The brief this year was to create an illustrated interpretation of Ursula K Le Guin’s short story The Fliers of Gy. It appeared in her short story collection Changing Planes, published in 2003, which takes readers into a series of unique worlds. The Fliers of Gy focuses on a plane inhabited by feathered beings, who once had wings and the ability to fly. As time went by, wings only appeared in rare cases, and came to be seen as an affliction.
The winner was chosen by a judging panel that included the late author’s son, Theo Downes-Le Guin, and the winner of the inaugural prize in 2022, Evangeline Gallagher. The panel also named five runners up: Den Owen, Jens Maria Weber, Merran Coleman, Nate Sweitzer, and Thomas Barclay. Over 730 illustrators from 58 countries entered this year’s competition.
Bencina, who was born on Long Island and is now based Aurora, Colorado, studied illustration at the School of Visual Arts in New York. Her line art illustrations are created digitally, though she combines them with hand-made textures, such as watercolour. “Texture is so important and adds an organic feeling to the artwork, which is especially important for digital artwork,” she tells CR.
Her digital illustration for The Fliers of Gy shows a feathered figure upside down, its wings unfurling and shedding feathers. The base palette is overwhelmingly dark and shadowy, bar the silvery being at its centre and the orange flames raging overhead. The trees lining the image are subtly interspersed with the arrows raining from above, gradually revealing the gravity of the scene.
After reading the story carefully, Bencina started by thinking about the mood, atmosphere, and colours that she felt reflected it. “I chose this scene in the story because it was most striking to me as a reader. Originally my lines were black, but I had an idea of inverting the whole image (white lines on black canvas) and I loved it instantly. I thought about how the painting should feel. I wanted the inverted white lines to feel like shock or pain – like she has been struck by arrows and her soul has left her body. I added falling feathers around her for chaos,” she explains.
“I thought of the rest of the piece, that it would be interesting to have a downwards perspective. I wanted to have the arrows and treetops follow the same path to the vanishing point on top.

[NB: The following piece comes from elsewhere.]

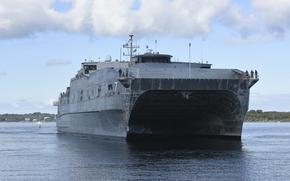 160916-N-CS971-164
NEWPORT, R.I.
(Sept. 16, 2016)
The expeditionary fast transport ship USNS Carson City (EPF 7) arrives at Naval Station Newport in preparation for the Chief of Naval Operations' 22nd International Seapower Symposium (ISS) at U.S. Naval War College in Newport, Rhode Island. More than 180 senior officers and civilians from more than 110 countries including many of the senior-most officers from those countries' navies and coast guards, are attending the biennial event Sept. 20-23. This year's theme is "Stronger Maritime Partners," and will feature guest speakers and panel discussions to explore the common security challenges of maritime nations. 
(U.S. Navy photo by Haley Nace/Released)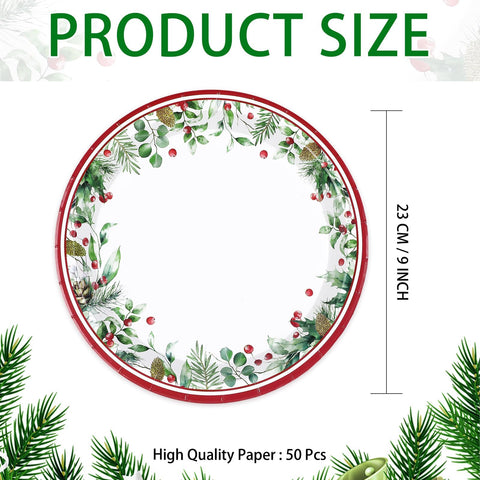 50 Pcs Xmas Holly Leaf Berries Party Paper Plates - Grencian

I love repeating elements, and the triangular treetops mimicking the arrowheads throughout the painting.” She added the flames towards the end of the process – an element of the illustration that particularly impressed the judges.
Theo Downes-Le Guin commented: “The contrast between the dark values of the illustration and that bright punctuation of fire at the top was absolutely entrancing.”
Elsewhere, fellow judge and a Folio art director Raquel Leis Allion noted that “the pop of colour from the flames at the top of the mountain and the dark landscape guide your eye around the image. Cristina has captured the sense of falling perfectly.”